7. Open for the Outcasts?

Lessons from the Nativity: 7:  Open for the Outcasts?

Luke 2:8,9   And there were shepherds living out in the fields nearby, keeping watch over their flocks at night. An angel of the Lord appeared to them, and the glory of the Lord shone around them,

Now there are certain parts of the Nativity story that clearly have purpose. The angel coming to Mary has clear purpose. The angel coming to Joseph in a dream has clear purpose. So far so good. But then we came to the business of Caesar Augustus making a decree that meant the young couple hiking down to Bethlehem, when Mary was about to have her baby – not quite so clear. Perhaps we’ve moved into the realm of prophetic overtones, but not so clear. And now we come to the shepherds who see and hear angels and come storming down to town to look for the baby they have been told about. Why? There are those who link symbolically the lambs they might have been looking after with the Lamb of God they run down to see, but it is a tenuous link.

I have a pastor friend who talks about the Nativity story being all-inclusive, and I think he’s right,  I think this is what this bit is all about. Because of their lifestyles, shepherds tended to be on the edge of society. They had to live out on the hills with their sheep – somebody had to be there warding off predators, human and the animal kind. A sheep is valuable and so sheep needed looking after; somebody had to do it but it wasn’t exactly conducive to family life. Perhaps that was why in Jesse’s family, the youngest son, David is the one out with the sheep.

There was a time in our society when certain groups were a bit like this, those who left their families at inconvenient times, nurses, oil rig workers and the like, but now it is more common with ‘flexible working’. But these shepherds were like that while the rest of the population was warm and snug in their homes, these guys sat around a camp fire and tried  to ward off the cold as well as the predators. Not a very sociable life as far as the rest of society was concerned. That is why they tended to be outcasts, and maybe even sometimes they did it because they were no good at doing anything else.

So why were these men given the privilege of having this divine encounter? Let’s look at it. An angel of the Lord appeared to them, and the glory of the Lord shone around them, and they were terrified.” (v.9) There is no question what is happening; this angel is not coming in disguise so you might think he was a mere human being. No, God’s glory shone all around him which was even more obvious in the night (which it was, see v.8) Now listen to his reassuring message: “Do not be afraid. I bring you good news of great joy that will be for all the people.” (v.10) Note the last bit – “for all the people”. That’s it – ‘all’ includes you.
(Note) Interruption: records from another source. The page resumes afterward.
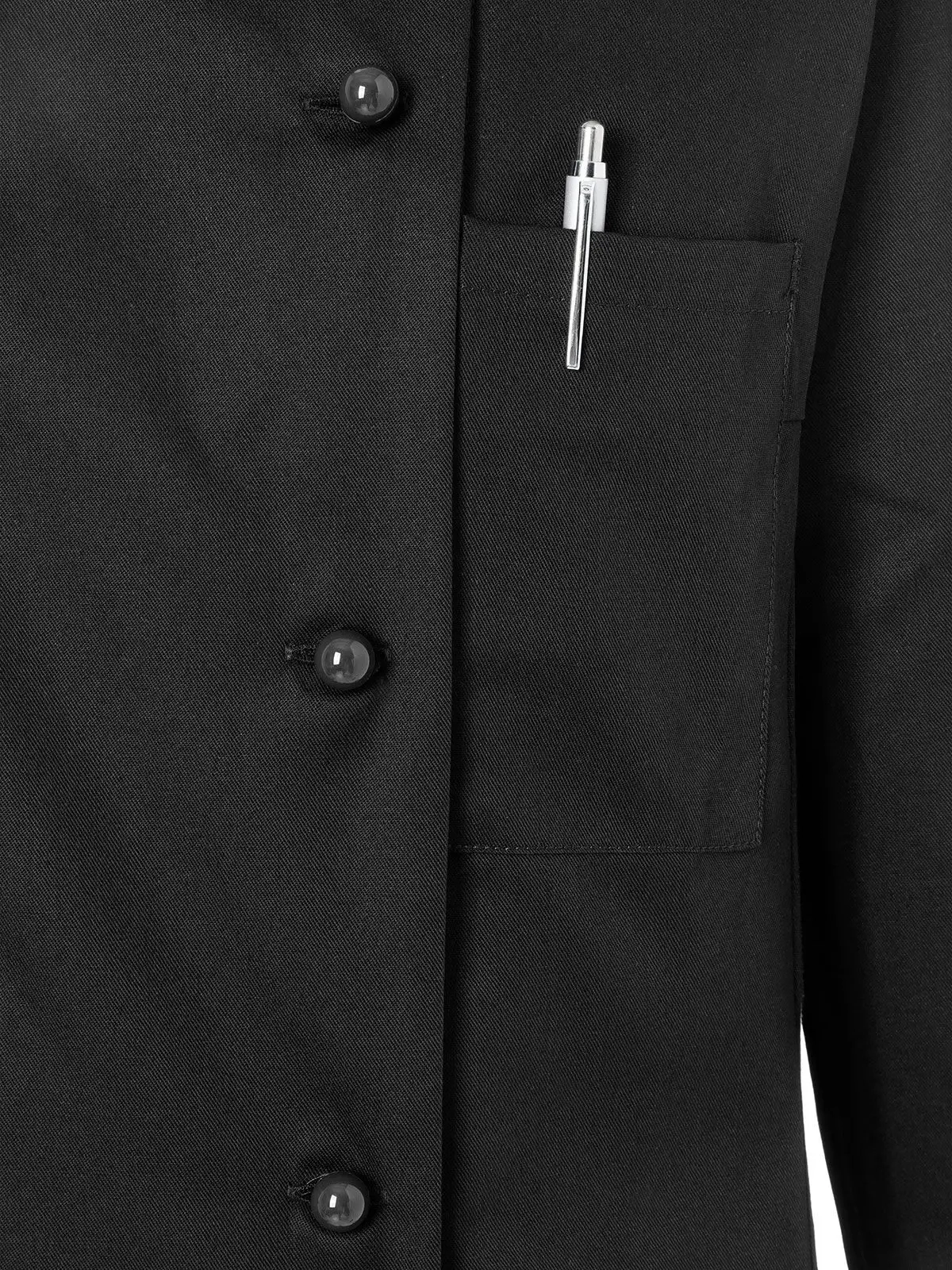 Immagine Giacca da Chef Donna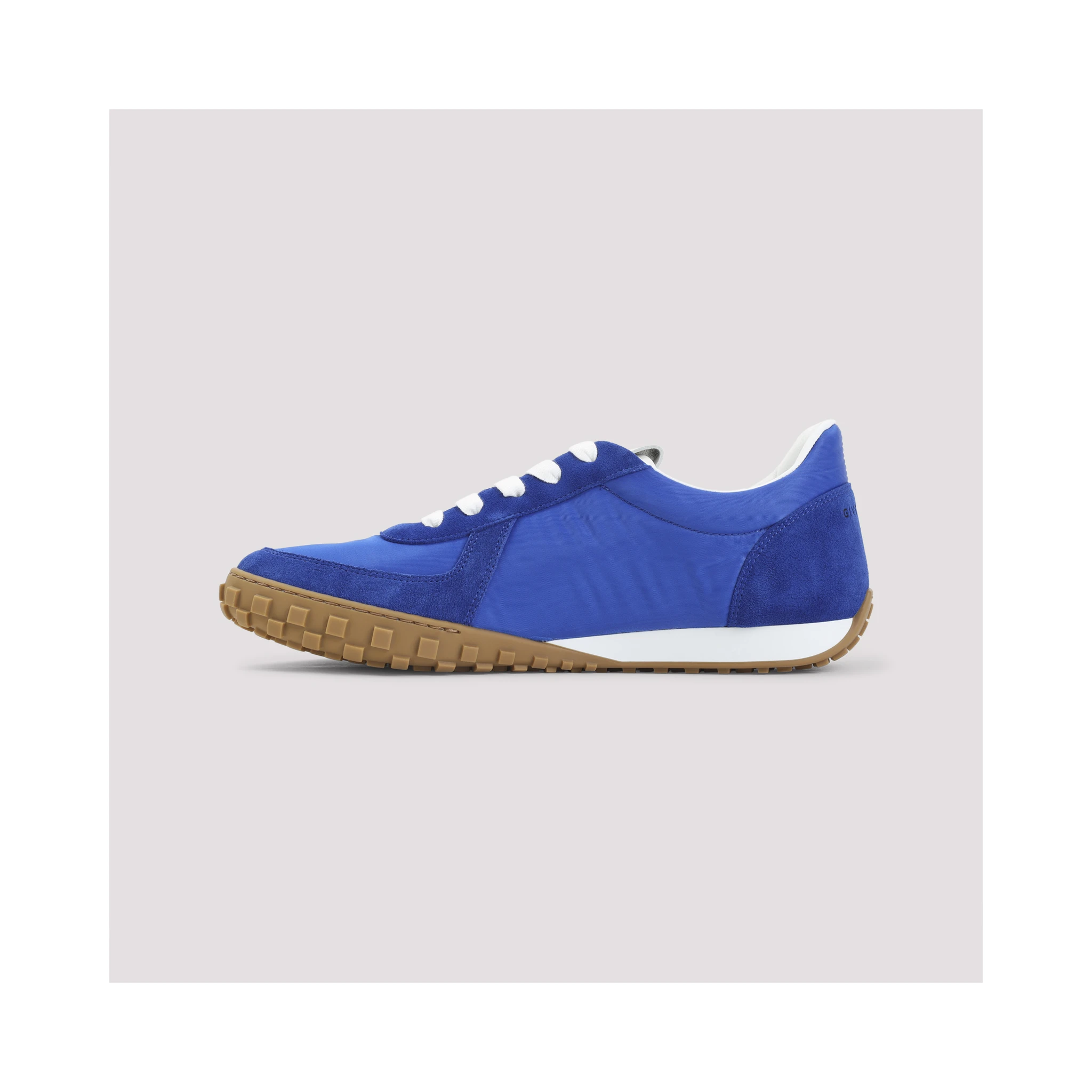 Givenchy Polyamide Sneakers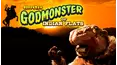 RiffTrax: Godmonster of Indian Flats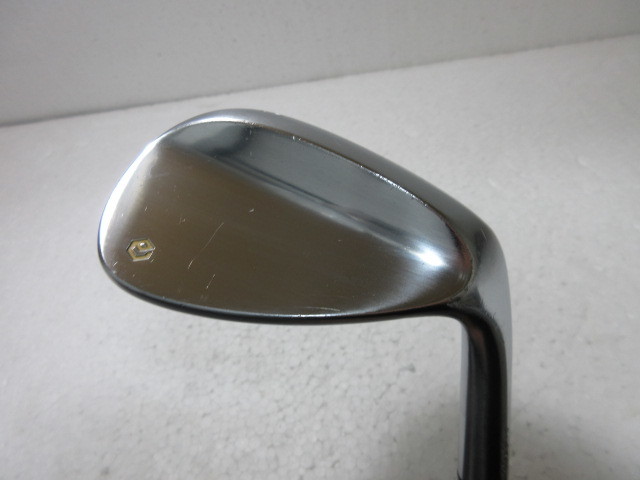 ウェッジ エポンゴルフ EPON TOUR WEDGE type M 56° MODUS3 125WEDGE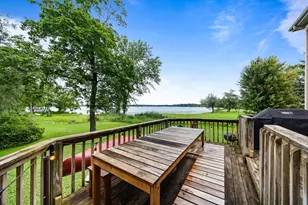 10926 269th Ave, Salem Lakes, WI 53179 - Photo 40
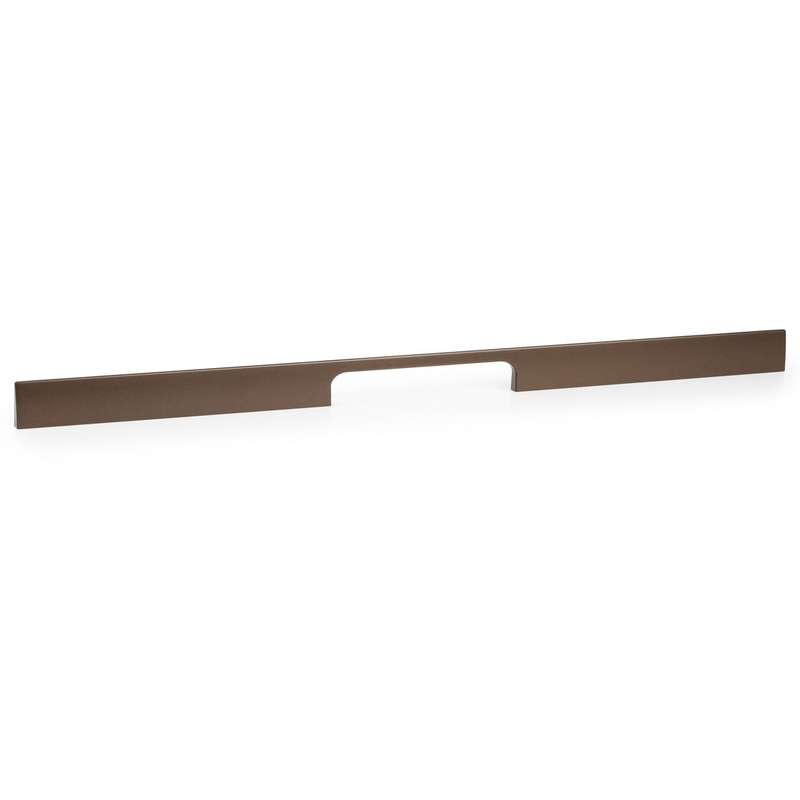 Viefe PEAK – CC160-448L500mm Handle
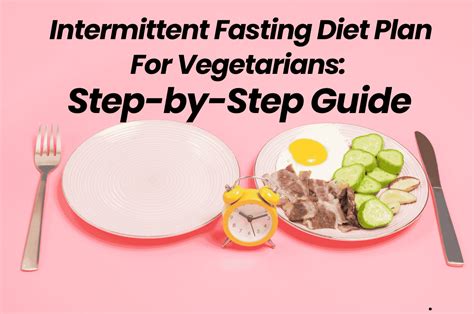 The Gelluh Diet: A Comprehensive Guide to Intermittent Fasting with Plant-Based Nutrition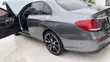 Mercedes-Benz E43 AMG 3.0 AWD 2017 Gray - 5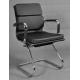 Classic Steel Frame China Conference Chair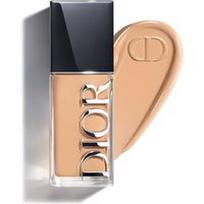 DIOR - FOREVER Skin Glow Makiažo pagrindai 30 ml 3W - Warm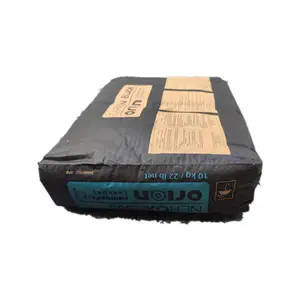 ���� ŷ��¡̼��N505 Ӯ���¹���NEROX 505 ɫ�ؾ�Ե̿��n505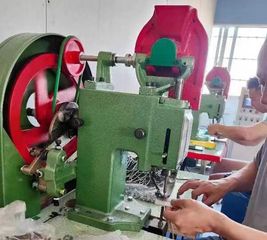 Factory facility photo 3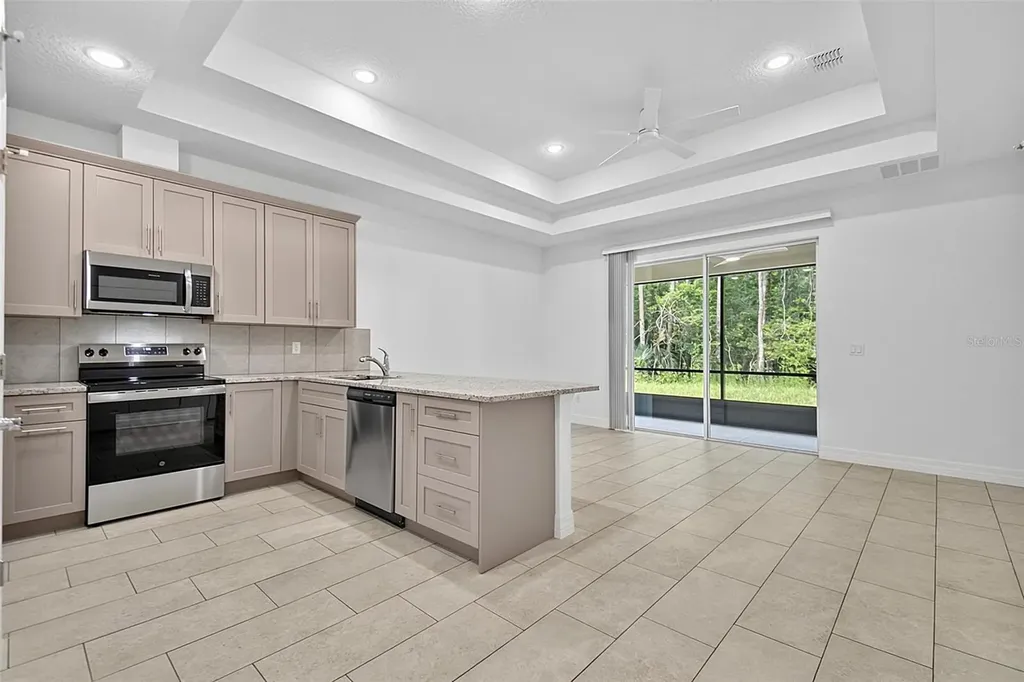 14 Ullynn Place Palm Coast FL 32164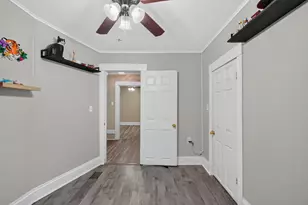 916 Lincoln St, Jackson, MI 49202 - Photo 38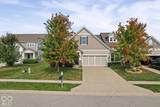 6228 Wonder Lane - Photo 1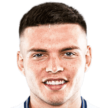 https://img.833zhibooq.com.cn/img/football/player/6db64a9385592a5d8090a8fa84ca1516.png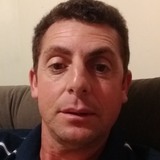 Edilson from Estrela | Man | 45 years old | Scorpio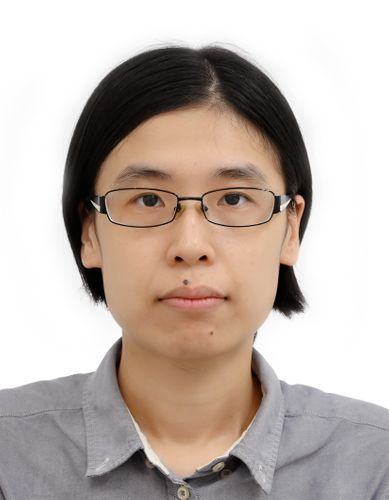 Speaker profile image for Kuan Yoke Kay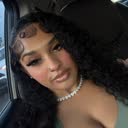 @raikaylaa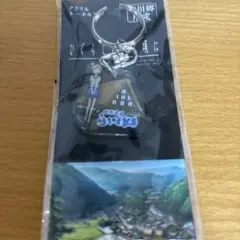 2026年最新】ひぐらし 白川郷の人気アイテム - メルカリ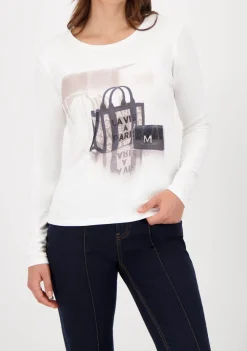 Shirts><noscript><img width=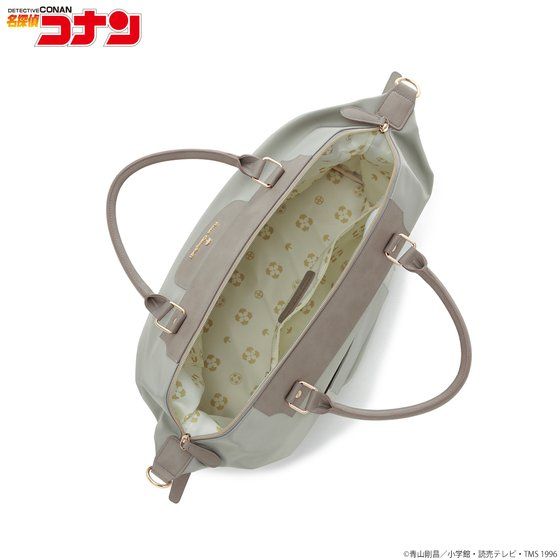 TRi@tTGuh@rbO{XgobOy2󒍁F2019N10z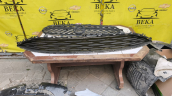 Oto Çıkma Parça / Opel / Corsa / Tampon / Tampon Izgarası / Çıkma Parça 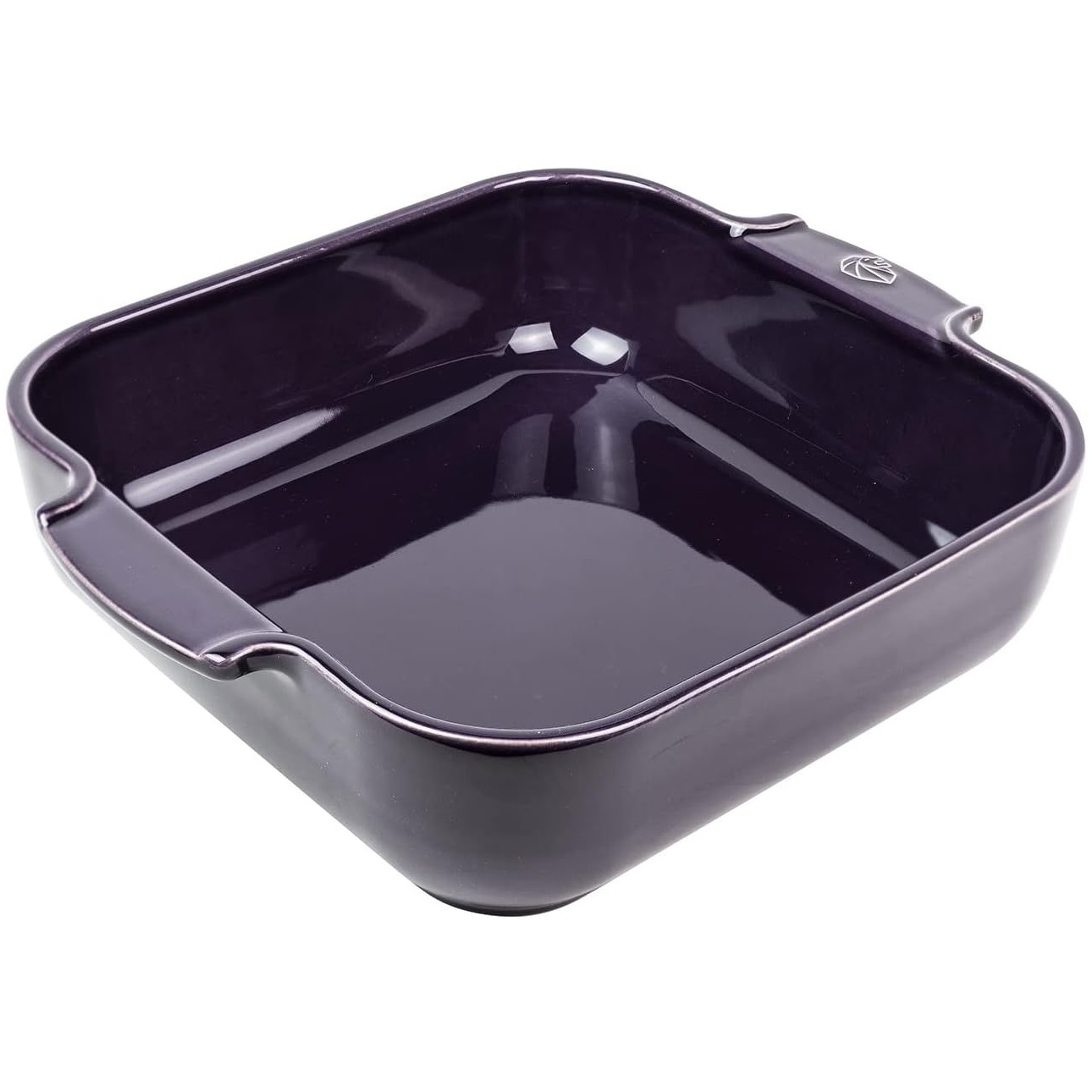 Форма для запекания Peugeot Eggplant 61050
You may be outcasts but this is good news that applies to you as much as to anyone else.  There will be those who will try and turn the Gospel into a religious message for religious people who do religious things, but I know you don’t have time or opportunity to do the ‘religious things’ (like attend synagogue regularly) but this is good news for YOU, whoever you are, how ever distanced from others you might feel.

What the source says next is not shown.